Education and Upskilling the Workforce

The region is facing what could be considered an education crisis. According to OECD's Programme for International Student Assessment 2022, approximately 75 percent of students in LAC fall below basic proficiency in mathematics and 55 percent sit below basic proficiency in reading. Again, these disparities in education also widen between rural and urban areas and along socioeconomic lines.

The interconnection between education and the labour market presents a higher risk, meaning governments in the region will have to simultaneously address AI’s impact on both students and the workforce.

Currently, the Inter-American Development Bank (IDB) estimates that job automation rates in the region could soar as high as 36-43 percent by 2030. The region must continue to invest in STEM education in Schools while preparing its workforce.

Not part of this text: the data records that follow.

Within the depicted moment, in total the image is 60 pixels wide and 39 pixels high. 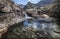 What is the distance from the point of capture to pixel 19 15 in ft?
23.6

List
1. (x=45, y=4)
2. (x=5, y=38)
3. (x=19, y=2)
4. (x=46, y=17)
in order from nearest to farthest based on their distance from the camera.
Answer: (x=5, y=38), (x=19, y=2), (x=45, y=4), (x=46, y=17)

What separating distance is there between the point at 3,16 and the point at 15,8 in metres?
2.29

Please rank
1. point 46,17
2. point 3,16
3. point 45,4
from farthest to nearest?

By retraining workers who lost their jobs due to AI and cultivating high-in-demand skills, the region can remain resilient in the face of these looming shifts.

Effective Governance: values, policies, and institutions

Public policy has a pivotal role in driving digital ecosystems. Whether by promoting digital literacy, ensuring the accessibility of digital infrastructure, or supporting new digital business models, policies can significantly improve the population's readiness to engage with AI technologies, and ensure that regulation is conducive to innovation while protecting the interests of all stakeholders.

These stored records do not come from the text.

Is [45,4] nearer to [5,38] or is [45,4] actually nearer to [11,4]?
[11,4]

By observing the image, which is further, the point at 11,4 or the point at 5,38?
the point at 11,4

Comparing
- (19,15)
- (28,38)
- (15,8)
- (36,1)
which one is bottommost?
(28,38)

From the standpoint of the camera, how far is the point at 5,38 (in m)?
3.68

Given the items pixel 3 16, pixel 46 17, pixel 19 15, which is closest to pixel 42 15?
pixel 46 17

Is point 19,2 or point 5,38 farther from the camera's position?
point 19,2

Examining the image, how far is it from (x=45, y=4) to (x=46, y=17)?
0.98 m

To implement these policies, the region needs institutions that can leverage the power of AI, reacting quickly to a fast-changing technological environment. In some cases, this means strengthening existing institutions, while in others, it will require the creation of new government capacities. Currently, for example, 16 countries in LAC have ministries responsible for the innovation agenda. However, only 6 countries in LAC have formulated specific strategies or agendas for AI adoption and promotion. And even where strategies are in place, they often lack a holistic approach. One of the critical challenges in designing policies is ensuring broader participation and engagement of academia, civil society, and the private sector, especially small and mid-sized enterprises.

Projects such as the AI Readiness Assessment, currently being piloted by UNDP in the region, offer governments guidance on ethical AI regulatory approaches. As AI technologies evolve, institutions with the capacity to continuously adapt and respond will be the most successful.

A Final Message to the Region

To leverage AI as an enabler for sustainable development in LAC, decisive action to enable a supportive ecosystem is required.  Substantial investment in digital public infrastructure, education, and upskilling, together with an effective governance are key elements of this ecosystem.  In this process, regional cooperation will be fundamental. By paving a common view and sharing infrastructure, experiences, and best practices, countries can learn from each other and collectively tackle common challenges. A regional approach can also help navigate the perils of regulation, bringing a unified voice to the global debate.

UNDP stands available as a steadfast partner in digital for the region. With the launch of LAC’s Digital 4 Development Hub in Latin America and the Caribbean, we enhance our technical assistance for countries in the region to leverage digital technologies as a driver of inclusive and sustainable growth.  

These reflections portray a blunt reality. If measures are not taken, AI will exacerbate already high inequalities, further polarize societies, and make collective action increasingly difficult. Therefore, the message is clear: action is needed to harness AI as a force for good – a driver of improved well-being for people and the planet; and it is needed now.  Only through decisive actions and cooperation can we shape a future where AI drives development in LAC that leaves no one behind.